No...I am not a pessimist...but I have from time to time spilled the top half of the glass...

Nick


----------



## greenacres2 (Dec 23, 2011)

Model 36-725? Read your post, checked e-replacement parts--yep, nothing but commons available. Then i thought maybe the model was new enough that they just weren't available in the secondary market yet. Went to deltamachinery.com, parts page, put in the model number and that was not found. The model itself can be seen, but nothing found in the parts area. Very strange.

earl


----------



## Cherryville Chuck (Sep 28, 2010)

An omen of things to come with Delta?


----------



## Multiwood (Feb 24, 2013)

Cherryville Chuck is right. I have heard that Delta may soon be gone.


----------



## BCK (Feb 23, 2014)

thats a good heads up....thx


----------



## Selwyn Senior (Jan 11, 2014)

*If You're Looking For Alternatives*

Nick,

Yes we've learned the value of research. I occasionally get teased by my wife for all the research I do before making my purchase. I don't know why as I spent a couple of years researching her (dating) before we got married and we're in our 44th year :yes4: but I digress . 

If you're still researching saws, I just bought the Rigid 10" cast iron saw from Home Depot. I am extremely pleased with the saw's features, ease of set up, the quality, and both times I have e-mailed Rigid Customer Service they replied within hours. In addition they provide a life time warranty to the original owner.

Peter


----------



## Garyk (Dec 29, 2011)

Could be just a "discontinued" model. If they are going out of business they are hiding it well because there is no information to be found about their demise. I suggest running your question by Lowes online Customer Services people and see what they have to say about finding parts.


----------



## Garyk (Dec 29, 2011)

Went back and explored it some more. There are two bankruptcy fillings that I found. One in MS and one in GA. Both were chapter 7. BUT those filings were several years old. Bloomberg issued a blurb on* March 30 2014* (today) about Delta and there was no mention of them going out of business. If anybody had information about financial troubles with Delta it would be Bloomberg.


----------



## Cherryville Chuck (Sep 28, 2010)

I just checked to see if I could find out what's going on with them and it doesn't sound like they intend to go out of business. Instead they are moving from Jackson, Tenn to South Carolina. Maybe they are trying to streamline. I know that there are quite a few models they once carried that aren't in their line up anymore. Delta Machinery - Wikipedia, the free encyclopedia

For the 3 Delta tools I own I'm not too worried about any of them except for the Unisaw. I've always heard that the motor is basically a proprietary frame design that you have to get from them. Every thing else to worry about is just bearings.


----------



## MAFoElffen (Jun 8, 2012)

I think they are fine. I checked the parent company (Chang Type Industrial Co. Ltd) and they are doing real well in the markets.

As far as I know, it's been a long time since Delta Machinery has had their low-end saws in their parts lineup on their site. They fall into the "if you don't find what you are looking for..." contact our Parts Department kind of affair.
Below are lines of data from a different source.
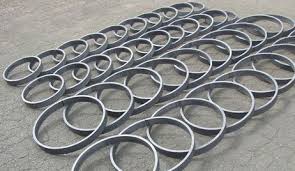 A wide variety of rebar circle bender options are available to you, such as australia, malaysia, and pakistan. Jorgenson Rolling We Specialize In Rolling Custom Rings Hoops Flanges Saddles Supports Cradles Straps And Other Circular Shapes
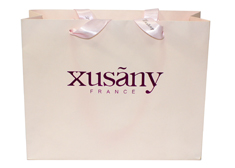 xusany手提袋
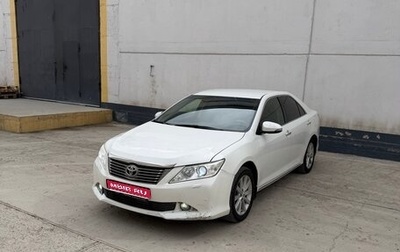 Toyota Camry, 2012 год, 1 100 000 рублей, 1 фотография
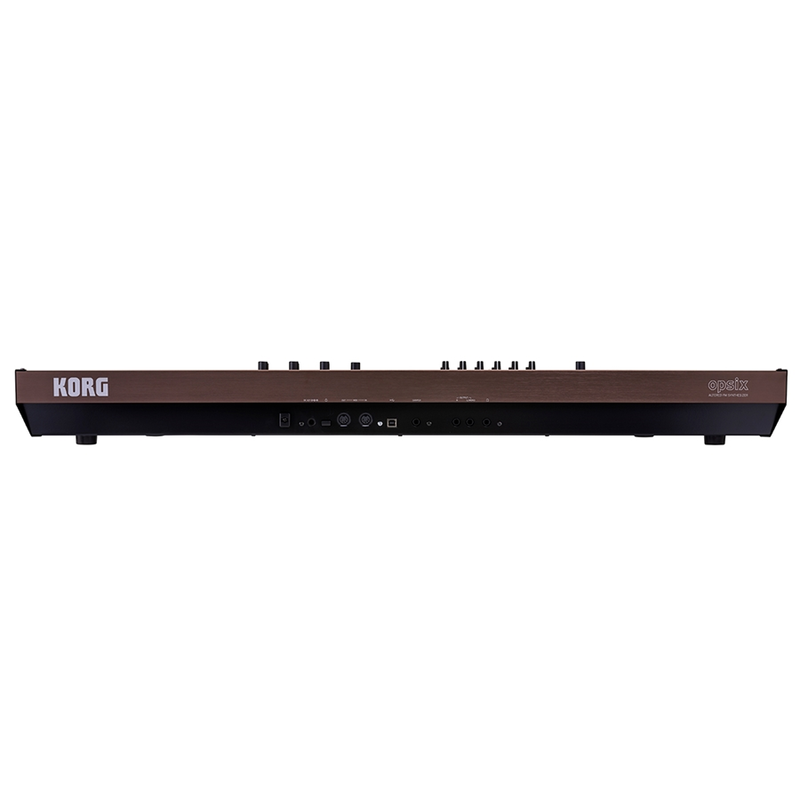 KORG - Sinth FM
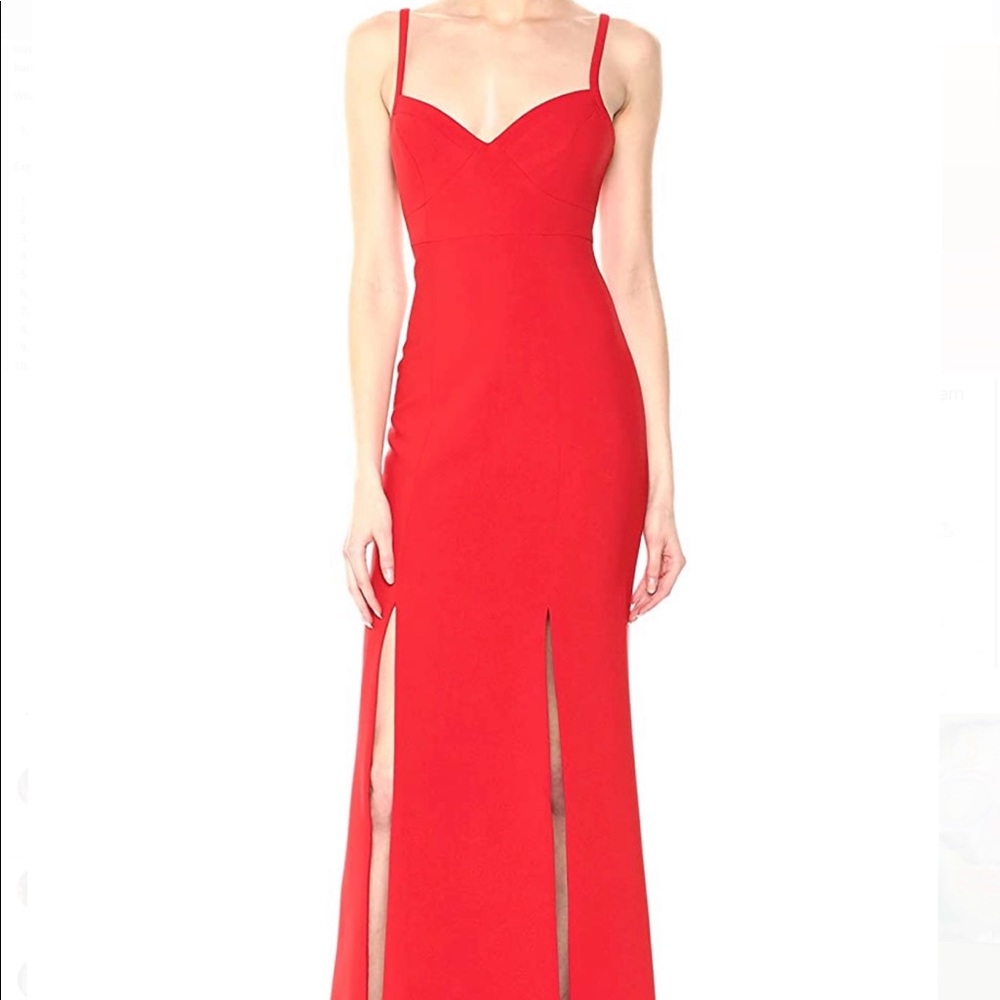 Likely Alameda Gown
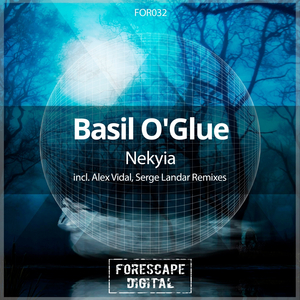 Nekyia (Alex Vidal Remix)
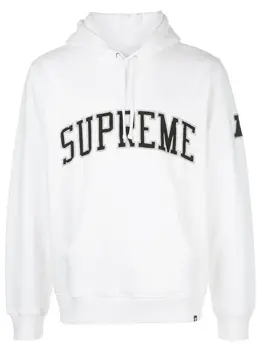 Supreme: Толстовка  Raiders 47 с принтом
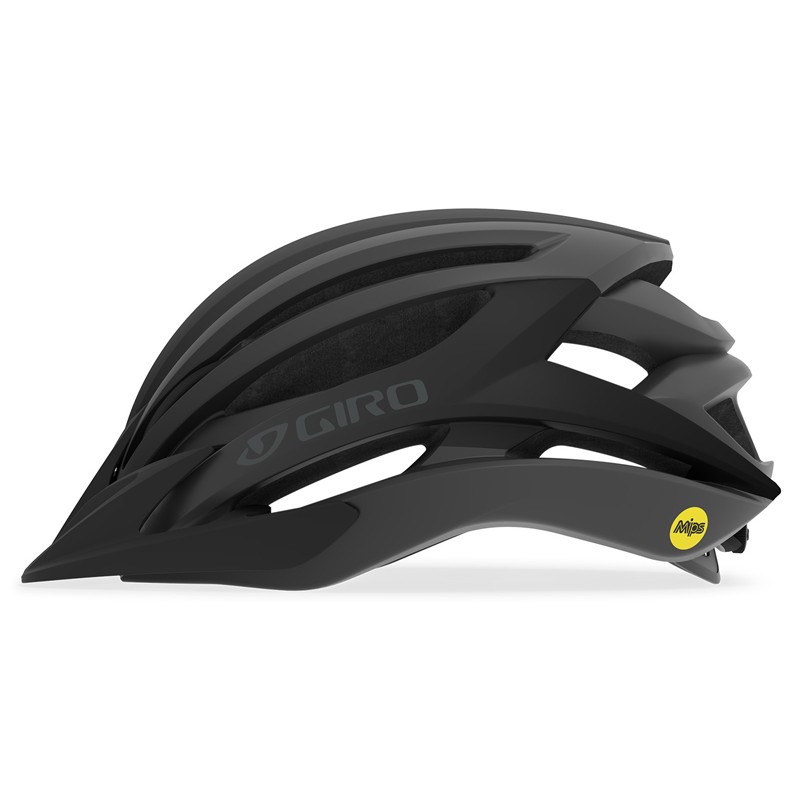 Kask mtb GIRO ARTEX INTEGRATED MIPS matte black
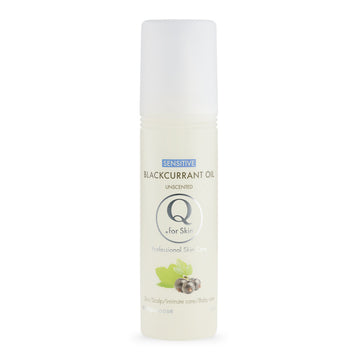 Blackcurrant Oil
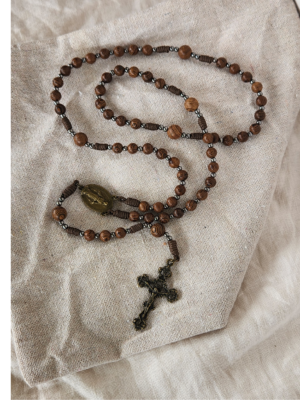 The Carpenters Rosary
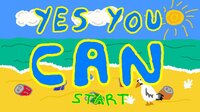 Yes You CAN (html) screenshot, image №2417852 - RAWG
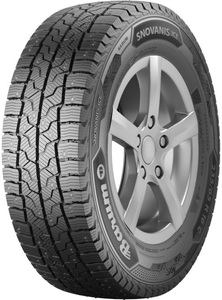 Barum SnoVanis Ice ( 205/75 R16C 113/111R 10PR EVc, Clouté )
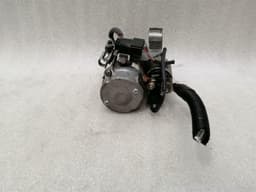 BMW BMW 5 Series F10 Starter Engine 12417612815 Starter — thumbnail 9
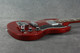 Gibson SG Standard Bass - Cherry - Hard Case - 2nd Hand (139201) Gibson SG Standard Bass - Cherry - Hard Case - 2nd Hand (139201)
The 32-325 Table Saw is on their site in their line-up and it is there on Lowes' site.

If you look at the latest Parts list for that model:
http://www.deltamachinery.com/downloads/manuals/table_saws/36-725/Manual_DPEC002777.pdf
*** If you notice the date on that pub, it's only 3 months old. Although I was a Rockwell guy and I don't really follow the current Delta's, Everything I can see looks fine. (so far...)


----------



## Nickp (Dec 4, 2012)

I can't imagine that anything would break that couldn't be replaced, even if one were to fabricate their own part. My original surprise was more that, in general, a tool with no publicized parts availability might not be a good idea to purchase. Delta historically makes great stuff and I wouldn't worry about anything going wrong that couldn't be managed by the handy types that we are. After all, there aren't too many moving parts to a table saw. I have an old table top that I think needs a starting capacitor that can be matched up. I'm going to mount it in a bigger table for the time being. Assuming that nothing is unique about any purchase, such as proprietary rails disallowing the use of aftermarket fences and the like, I wouldn't be concerned about its ability to be enhanced with add-on features. "If man can make it, another man can certainly add to it"...

I sure am grateful for all the thought everyone gave to my original post with all the additional research and information...once again, testimony to the power in this forum...

Nick


----------



## MikeMa (Jul 27, 2006)

This saw was just released this year by Delta. I know one of the problem areas that Delta has been having is with replacement parts. Since they were acquired a couple years ago, Delta has been having some growing pains. It is still yet to be seen if they can fully recover or not. I have a Delta Lathe and Delta T2 fence, and both have proven themselves in my shop. The only reason I have trouble recommending them is due to the issues Delta has been having, especially because of replacement parts are hard to get.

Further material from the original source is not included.